AMY GOODMAN: Do they, really?

NERMEEN SHAIKH: In other words—

JULIA ANGWIN: Well, that’s a question. That’s a question. So, maybe they like the perception of privacy. The problem we have with a lot of these tools is we don’t have good standards of auditing, and so it’s hard to know whether companies that say they’re doing something to protect your privacy are actually doing it. And that’s one thing I recently wrote an op-ed about, which is that I think that we also kind of need the equivalent of like organic food standards, which is like something needs to meet a minimum threshold before it can market itself as private.

AMY GOODMAN: Do you believe these companies, Google and Yahoo, when they say, “We are outraged! We are absolutely outraged that the government”—for example, with the Yahoo chats—”is using, looking at, grabbing photographs and images from our chats”?

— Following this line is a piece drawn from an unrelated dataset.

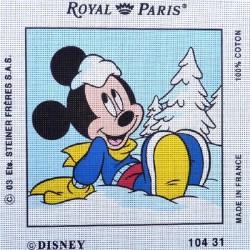 Canevas à broder 30 x 30 cm marque ROYAL PARIS thème DISNEY Mickey à la neige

JULIA ANGWIN: I suspect that they might well be outraged, actually, because they—you know, what’s interesting about all these companies is they’re all in a race to hoard as much data as possible. And so, to them, this is sort of their information has been stolen from them, and it’s hurting their reputation with their customers. So I kind of believe that they are upset. I think they were perfectly happy to cooperate with the secret court orders. It doesn’t appear that there has been—I mean, there was one fight Yahoo had with the FISA court, and maybe those fights are unwinnable. But we don’t know how hard they have fought on the legal battles. But I think most of these companies are pretty outraged about the hacking into their technology. You know, Microsoft, amazingly, came out with a statement saying that “the new biggest threat that we’re defending ourselves against is no longer Chinese hackers; it’s the NSA,” which is, you know, shocking for Microsoft to say that.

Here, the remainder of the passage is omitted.